## TASK INPUT
____
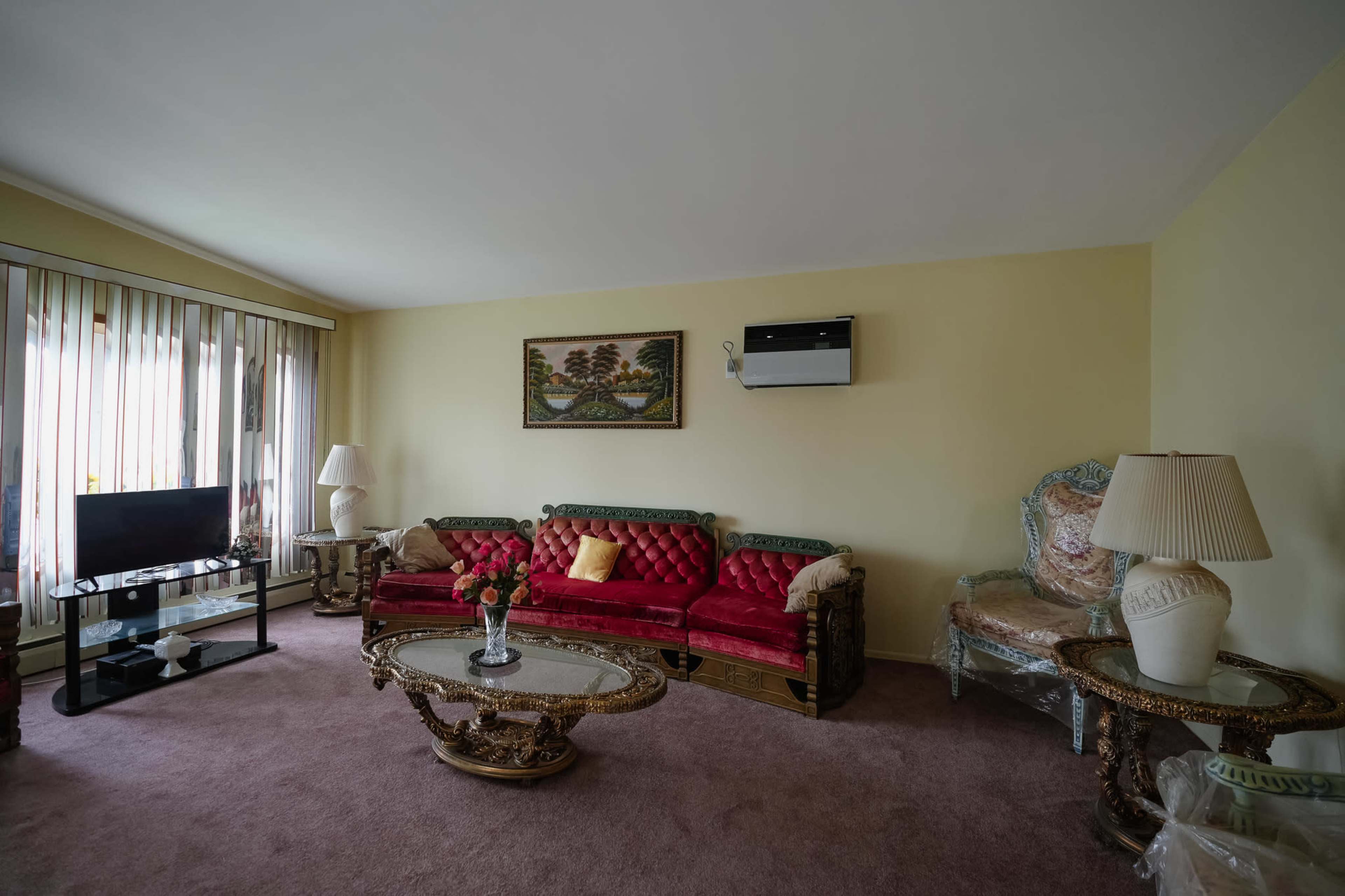 The living room features a red velvet sofa, an ornate coffee table, and a decorative armchair, with a television and large windows providing natural light.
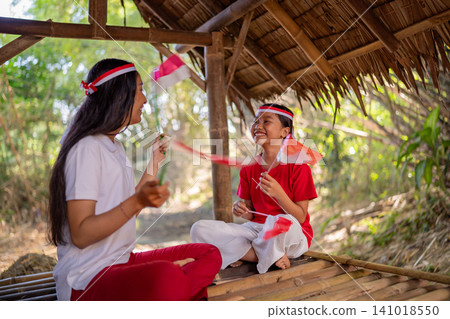 Smiling mother and daughter playing with small red and white flags inside rustic bamboo shelter, sharing joyful family time in warm sunlight with natural outdoor background Smiling mother and daughter playing with small red and white flags inside rustic bamboo shelter, sharing joyful family time in warm sunlight with natural outdoor background 141018550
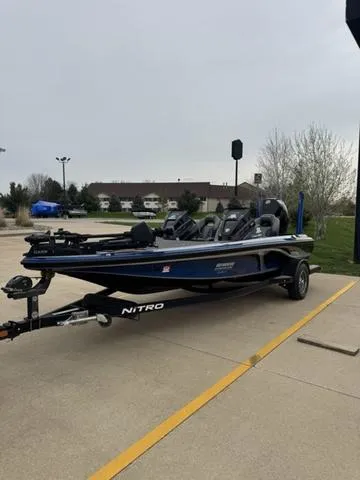 Slide: The Image of 2021 Tracker Nitro Z19 boat parked on a concrete surface, overcast sky. - 3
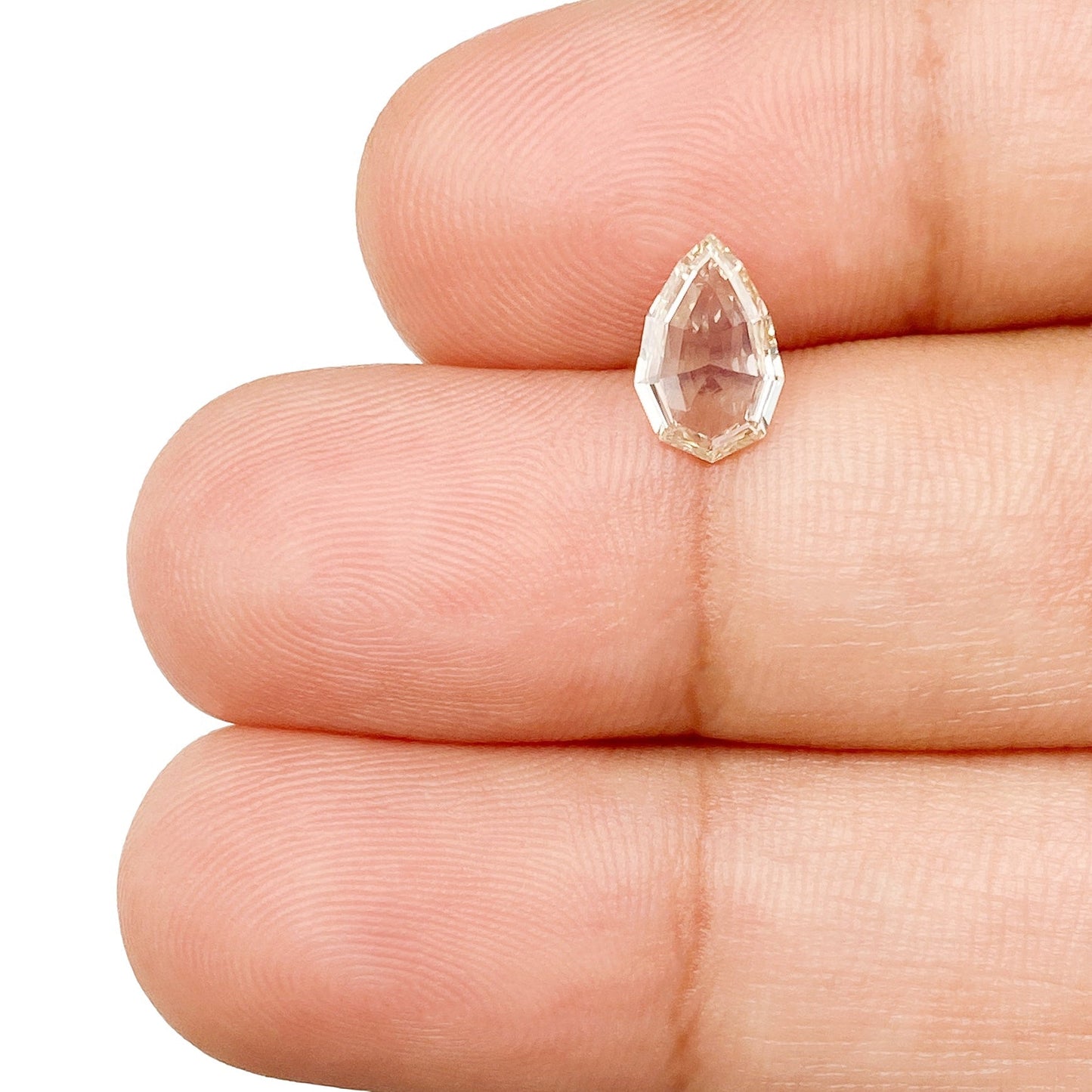 0.65ct | Champagne VVS Pear Shape Step Cut Diamond
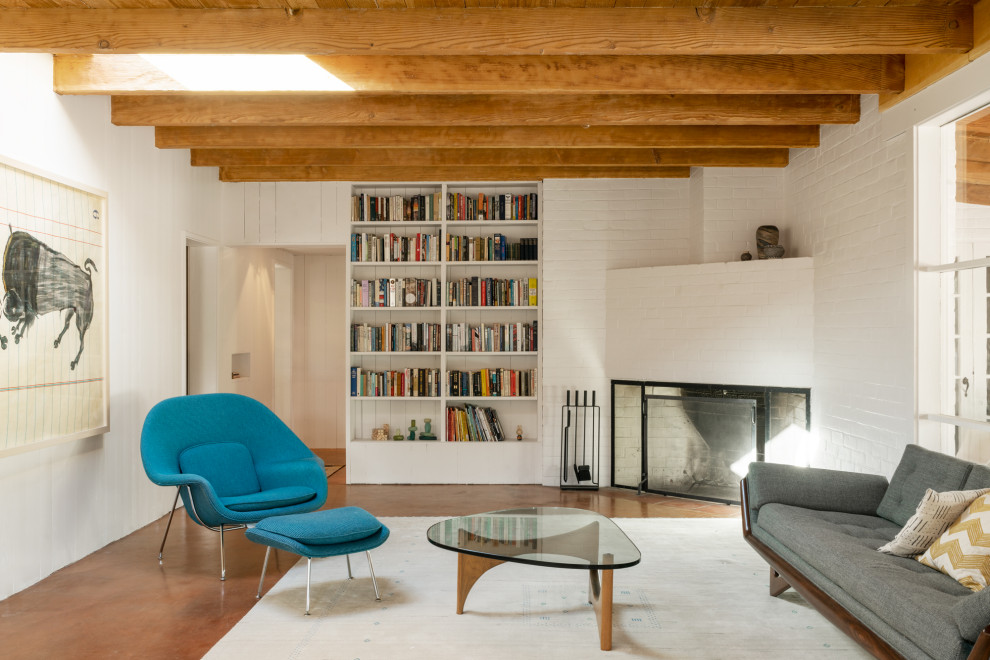 This is an example of a living room in Phoenix with white walls, concrete floors, a corner fireplace, a brick fireplace surround, brown floor, exposed beam, brick walls and planked wall panelling.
____
## DIRECTIONS
What is needed here is an exact copy of all the entries, without the pictures.

## EXERCISE RESULT
 The living room features a red velvet sofa, an ornate coffee table, and a decorative armchair, with a television and large windows providing natural light.
 Smiling mother and daughter playing with small red and white flags inside rustic bamboo shelter, sharing joyful family time in warm sunlight with natural outdoor background Smiling mother and daughter playing with small red and white flags inside rustic bamboo shelter, sharing joyful family time in warm sunlight with natural outdoor background 141018550
 Slide: The Image of 2021 Tracker Nitro Z19 boat parked on a concrete surface, overcast sky. - 3
 0.65ct | Champagne VVS Pear Shape Step Cut Diamond
 This is an example of a living room in Phoenix with white walls, concrete floors, a corner fireplace, a brick fireplace surround, brown floor, exposed beam, brick walls and planked wall panelling.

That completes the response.